Burlington pier legal feesThe city has received $1.5m cash, and the original pier contractor $1.75m cash, in a legal settlement reached in June related to the pier construction.

In addition, the city won’t be required to pay out $500,000 in holdbacks owed to one of the parties in the lawsuit, bringing the total value of the city’s settlement to $2m. The holdback money was already folded into the pier budget and used to complete the pier.

The original pier contractor, Harm Schilthuis & Sons (HSS), also received additional amounts from various parties to the litigation, bringing the total value of their settlement to $2.4m.

The city was one of nine parties involved in mediation on June 18 and 19 in Toronto related to the pier’s first construction contract.

Several of the parties paid into a “pool” of dollars, out of which some parties were compensated. The details of which parties paid into the pool, and which received money from the pool, was not immediately released, other than that the city and the original contractor are both recipients of funds.

The agreement stipulates that no contribution in any form to the settlement shall be deemed an admission of liability, and any such liability is denied.

The city’s cash from the settlement will essentially cover the city’s external legal costs which were $1.3m before adding in the recent legal costs from the mediation. Once the final legal bill is submitted, the total amount of external legal fees are expected to be released.

The pier cost $14.4 million, plus external legal fees, up from the original budget in 2006 of $6.2 million. The Canada-Ontario Infrastructure Program funded $4.4 million of this amount while Halton Region provided $2.5 million.

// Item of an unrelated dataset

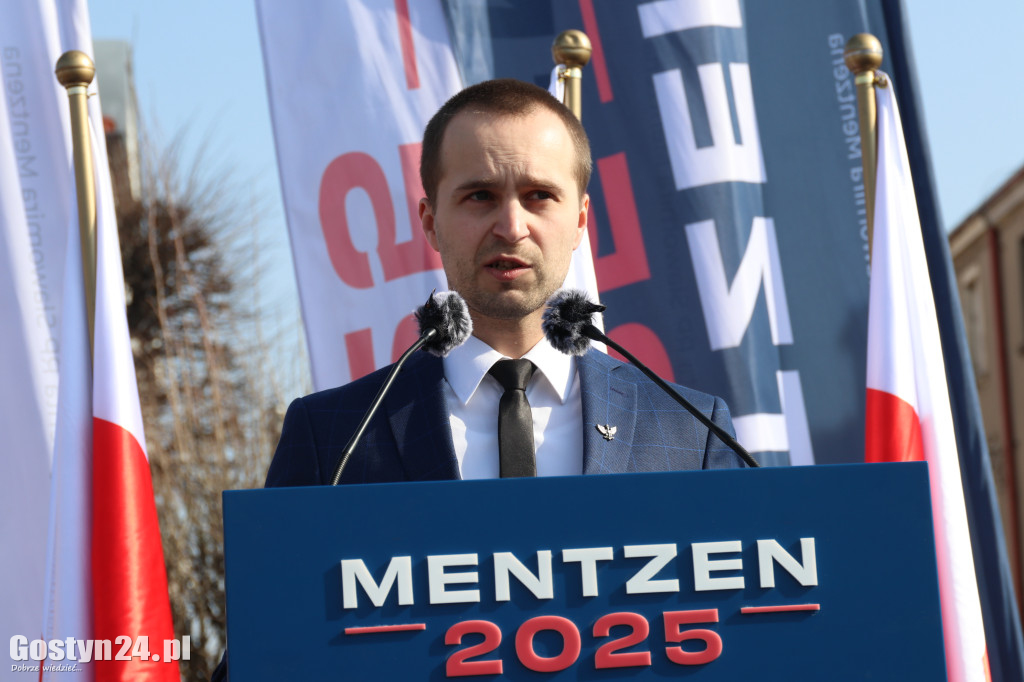 Sławomir Mentzen na gostyńskim rynku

  • Read the city’s press release here
  • Read HSS’s press release here: HSS Press Release June 2014
  • Read Hamilton Spectator article here
  • Read Inside Halton article here
  • Read Burlington Post editorial here
  • Watch CHCH coverage here

My Take: I supported the settlement in a unanimous decision at council as the best we could achieve under the circumstances – the full story of which has yet to be told.

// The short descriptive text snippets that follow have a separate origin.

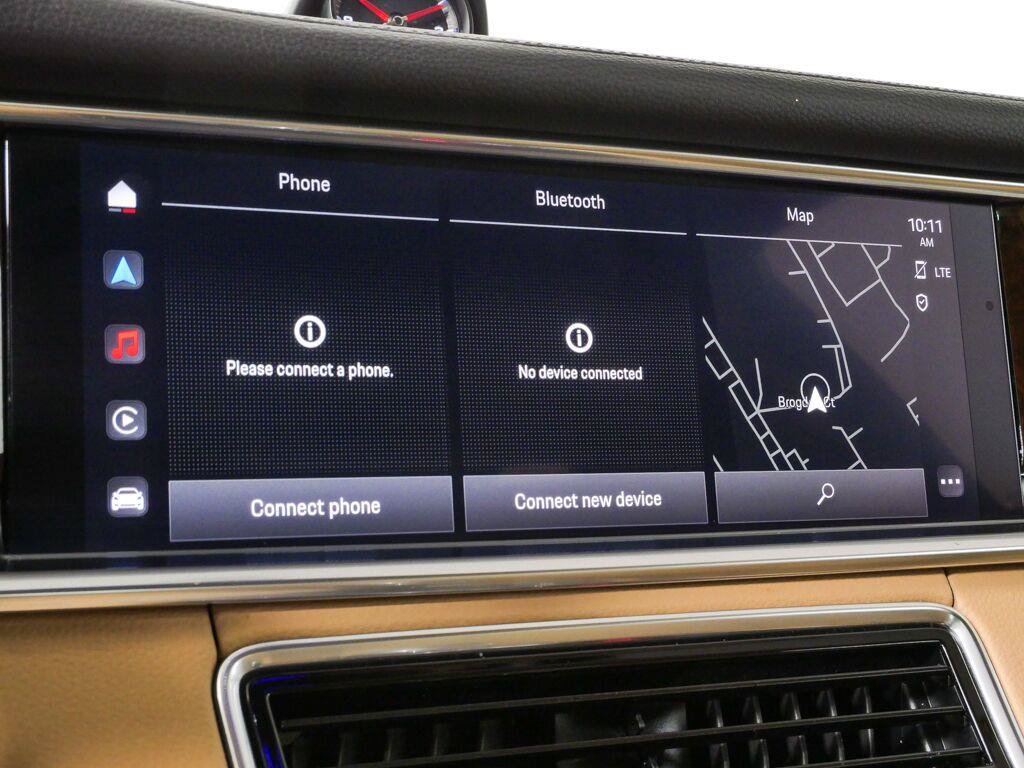 Certified 2023 Porsche Panamera Platinum Edition RWD image 14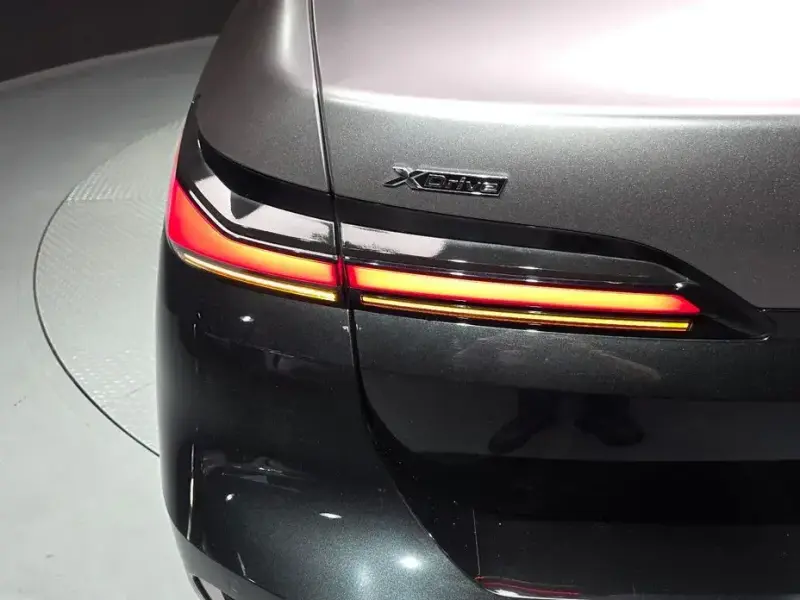 2023 BMW 7 серии с пробегом 39 484 км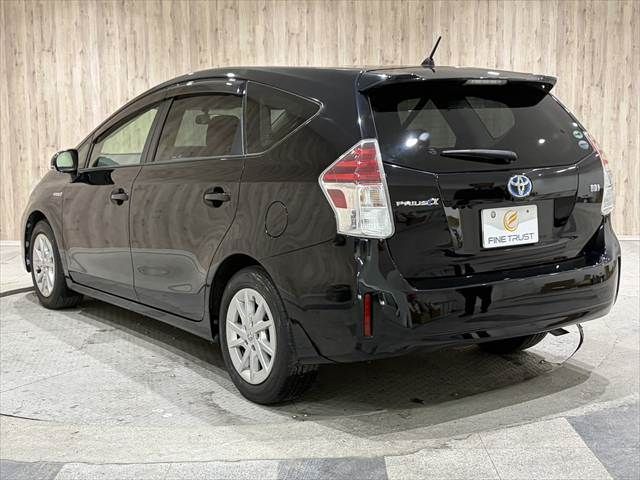 TOYOTA PRIUS ALPHA 2015 Image 31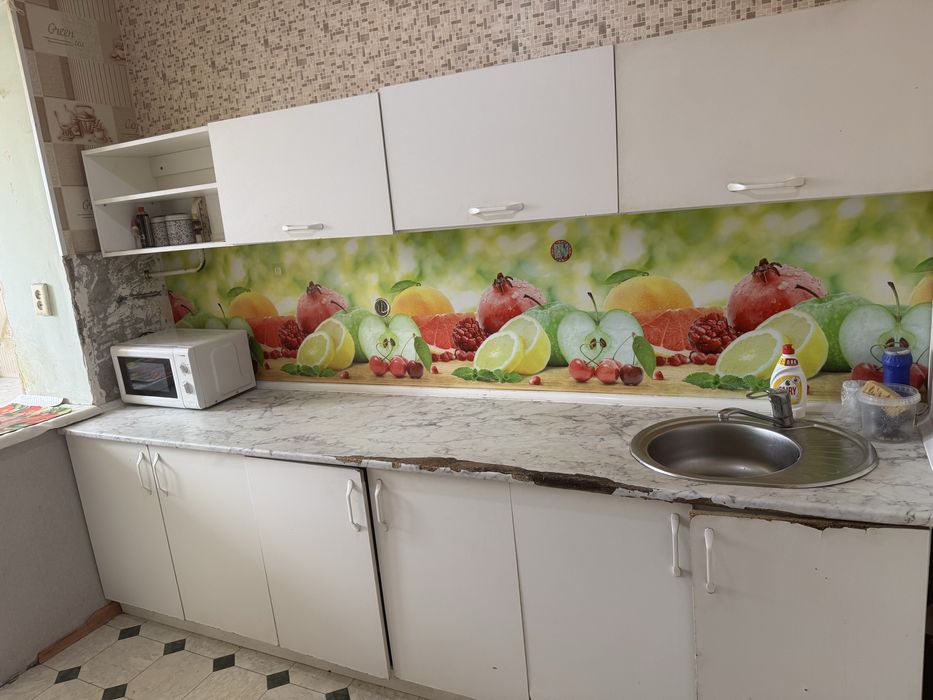 Есік, стиралка, тумба, кухня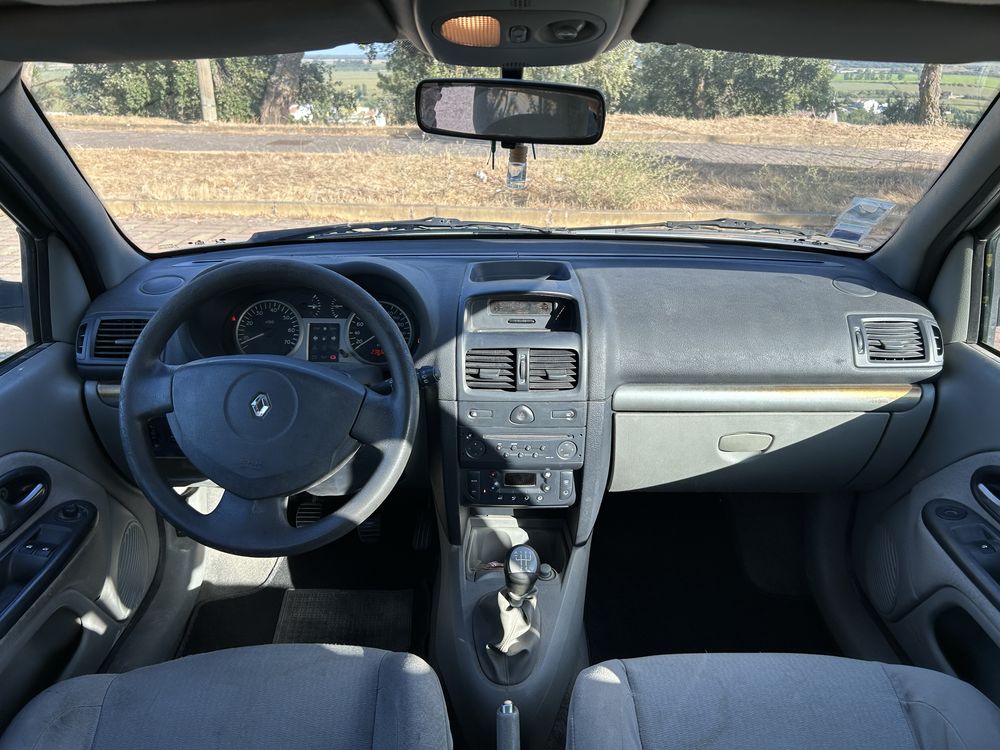 Renault Clio Privilege 2002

Now that the legal matters have been settled there is no reason we can’t begin to set things right and move forward as a community. I believe that in order to do that, we must apologize to residents and the original contractor for how we’ve handled this situation. Second, we must release information that was kept confidential while the matter was before the courts. It’s the right thing to do.

Recognizing that some of the decisions were made by previous councils, and that hindsight is 20/20, this council knew about concerns raised regarding the design of the pier, had multiple offers by the original contractor to redesign and complete the project, and knew retendering would add about $5m to the cost, for a total cost overrun of $8m. I did not support the retendering, as I believed then, as I do now, the quickest and most cost effective way to complete the project was to work with the original parties.

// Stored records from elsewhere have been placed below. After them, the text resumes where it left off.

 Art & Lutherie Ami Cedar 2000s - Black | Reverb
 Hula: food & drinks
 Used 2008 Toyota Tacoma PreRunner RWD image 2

I think where this project got off track was that city councillors failed to remain neutral and objective after the concrete pour failed, and publicly blamed the contractor. That hampered council’s ability to objectively assess the multiple offers made by the contractor to make design changes and complete the pier. When the project was retendered, design changes were made. Though no parties to the settlement are admitting liability, people will draw their own conclusions about the design changes and the settlement paid to the original contractor.

We also owe it to the public to release the offers made by the original contractor, including the first offer made in September 2010 before the last municipal election, and subsequent offers made in this term of council. What were those offers? Was the cost less than the cost of retendering? You deserve to know, for the sake of transparency and accountability, and an accurate historical record of this significant chapter in the life of our city.

By taking sides in the dispute, council also dragged the contractor’s reputation through the mud, and very nearly bankrupted the company. This is not how the city should treat people who do business with us. We owe them an apology.

To put this chapter behind us, we must understand what happened, and do our best to make it right. I’m confident we can, and will continue to advocate for the release of proposals by the original contractor to complete the project, along with the final external legal bill.